Trust-Region Methods

See Also: Unconstrained Optimization

The trust-region approach can be motivated by noting that the quadratic model \(q_k\) is a useful model of the function \(f\) only near \(x_k\). When the Hessian matrix is indefinite, the quadratic function \(q_k\) is unbounded below, so \(q_k\) is obviously a poor model of \(f(x_k+s)\) when \(s\) is large. Therefore, it is reasonable to select the step \(s_k\) by solving the subproblem
\[\min \{ q_k(s) : \| D_ks \|_2 \leq \Delta_k \}\] for some \(\Delta_k > 0\) and scaling matrix \(D_k\). The trust-region parameter, \(\Delta_k\), is adjusted between iterations according to the agreement between predicted and actual reduction in the function \(f\) as measured by the ratio
\[\rho_k = \frac{f(x_k) – f(x_k + s_k)}{f(x_k) – q_k(s_k)}.\]

If there is good agreement, that is, \(p \approx 1\) then \(\Delta_k\) is increased. If the agreement is poor, i.e., \(\rho_k\) is small or negative, then \(\Delta_k\) is decreased. The decision to accept the step \(s_k\) is also based on \(\rho_k\). Usually,
\[x_{k+1} = x_k + s_k,\] if \(\rho_k \geq \sigma_0\) where \(\sigma_0\) is small (typically, \(10^{-4}\)); otherwise \(x_{k+1} = x_k\).

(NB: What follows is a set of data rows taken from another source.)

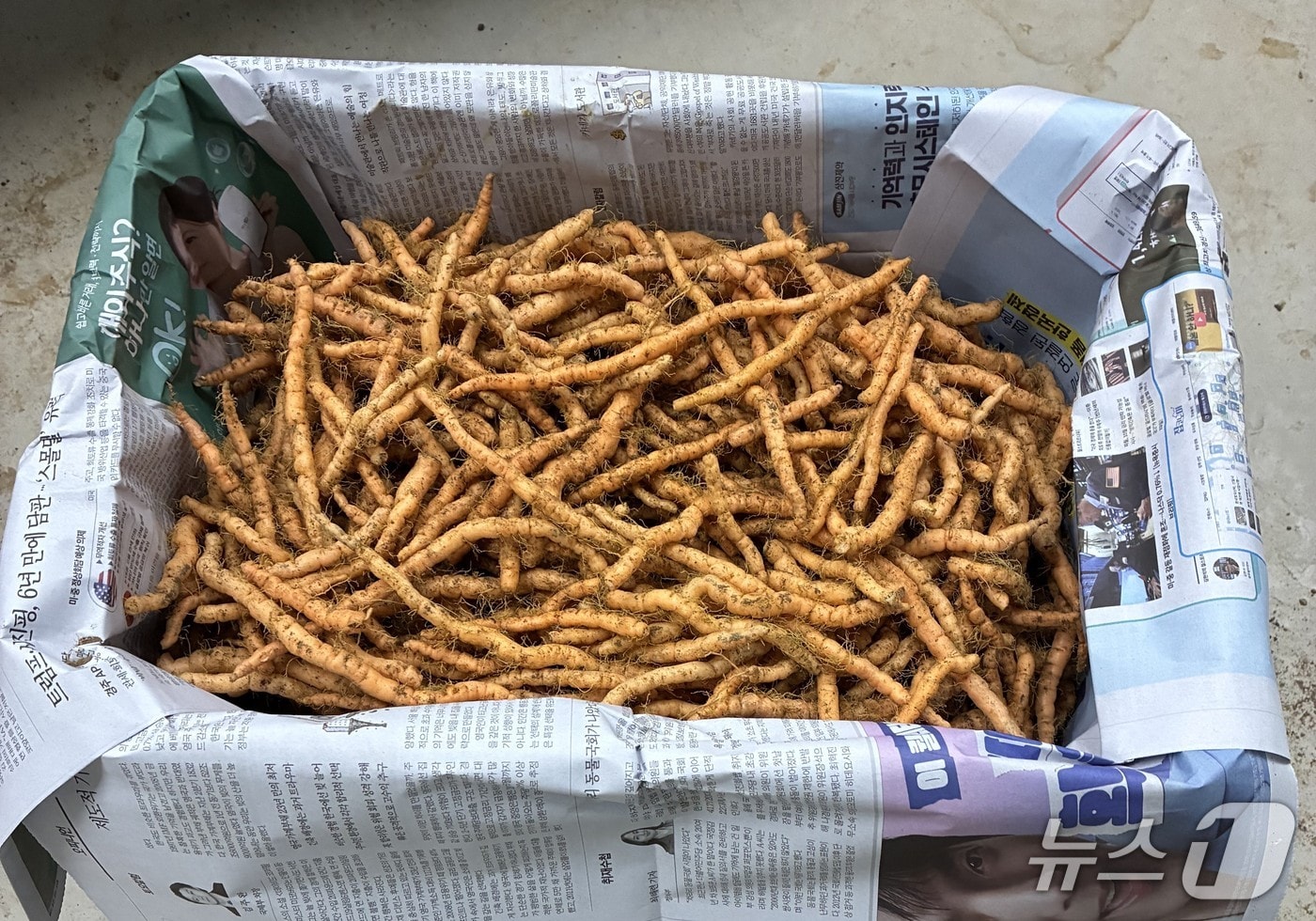 지황 종근. @뉴스1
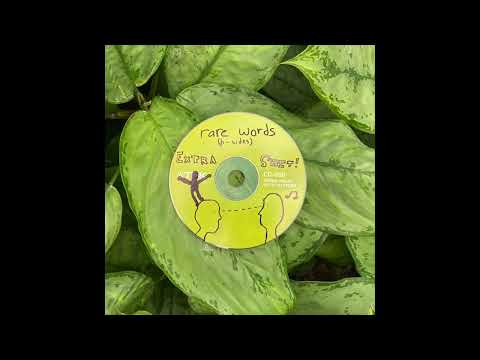 boxboys - rare words (b sides)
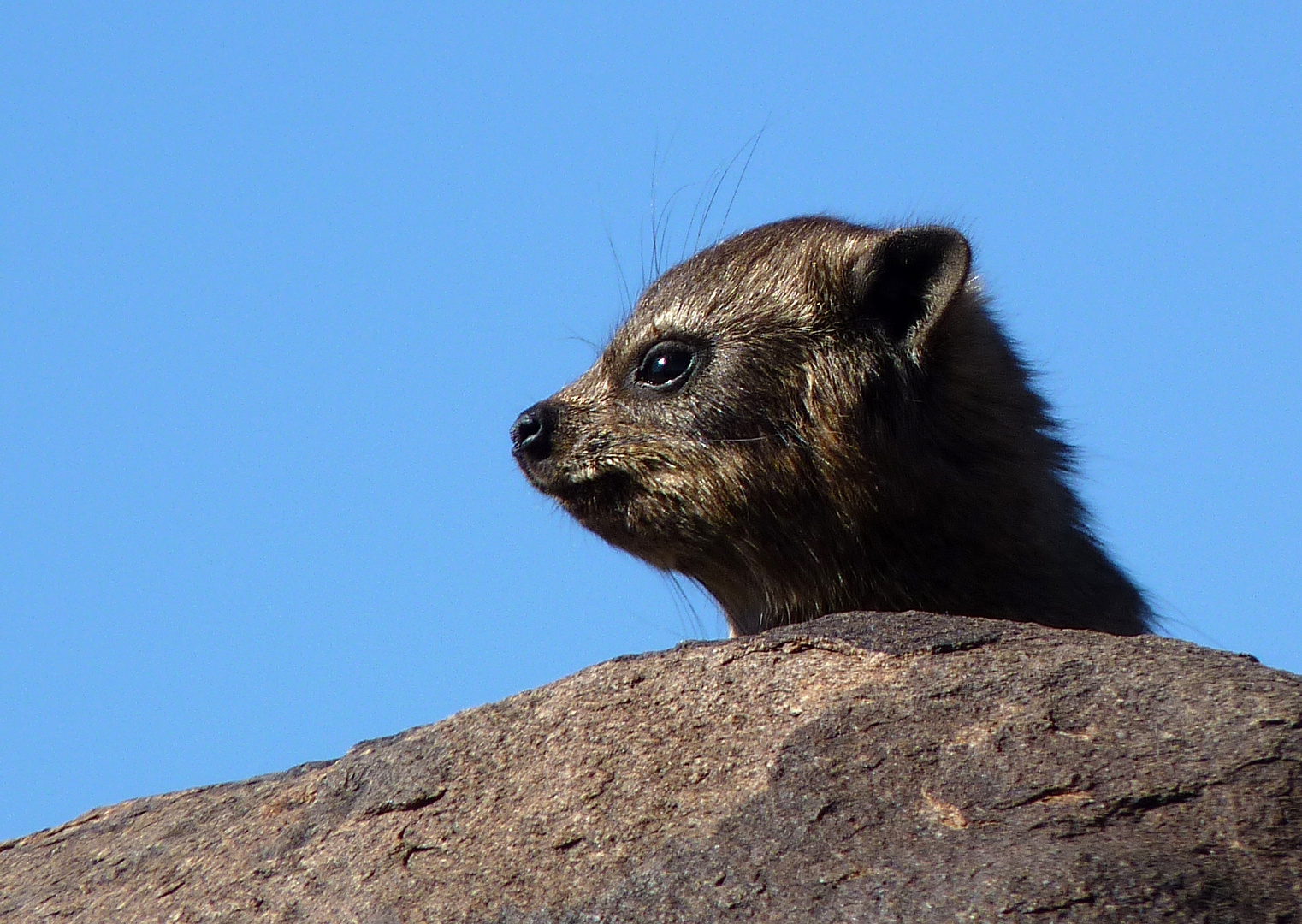 Klippschliefer im Köcherbaumwald. Namibia.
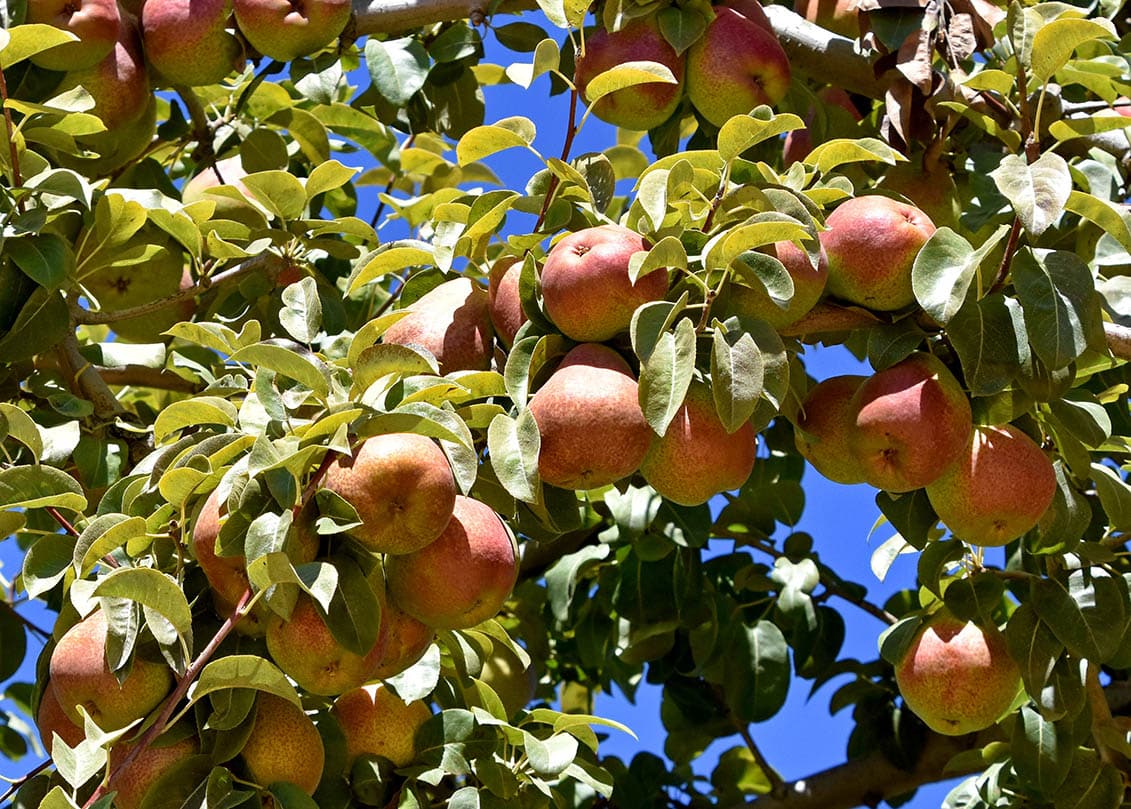 15 Types of Pear Trees (with Pictures)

The following Newton codes use trust-region methods with different algorithms for choosing the step \(s_k\): IMSL, LANCELOT, PORT 3, and PROC NLP.

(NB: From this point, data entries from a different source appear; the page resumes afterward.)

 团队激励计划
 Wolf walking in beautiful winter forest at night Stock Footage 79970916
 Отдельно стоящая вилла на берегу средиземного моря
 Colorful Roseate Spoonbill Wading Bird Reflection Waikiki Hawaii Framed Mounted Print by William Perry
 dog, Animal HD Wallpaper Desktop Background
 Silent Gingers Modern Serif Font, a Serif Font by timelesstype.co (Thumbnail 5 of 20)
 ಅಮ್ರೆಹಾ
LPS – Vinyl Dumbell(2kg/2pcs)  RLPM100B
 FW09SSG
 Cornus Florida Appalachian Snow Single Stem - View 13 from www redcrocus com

Most of these algorithms rely on the observation that there is a \(\lambda_k\) such that
\[(\nabla ^2 f(x_k) + \lambda_k D_k^T D_k ) s_k = – \nabla f(x_k), \quad\quad\quad(1.1)\] where either \(\lambda_k = 0\) and \(\| D_ks_k \|_2 \leq \Delta_k\), or \(\lambda_k > 0\) and \(\| D_ks_k \|_2 = \Delta_k\). An appropriate \(\lambda_k\) is determined by an iterative process in which (1.1) is solved for each trial value of \(\lambda_k\).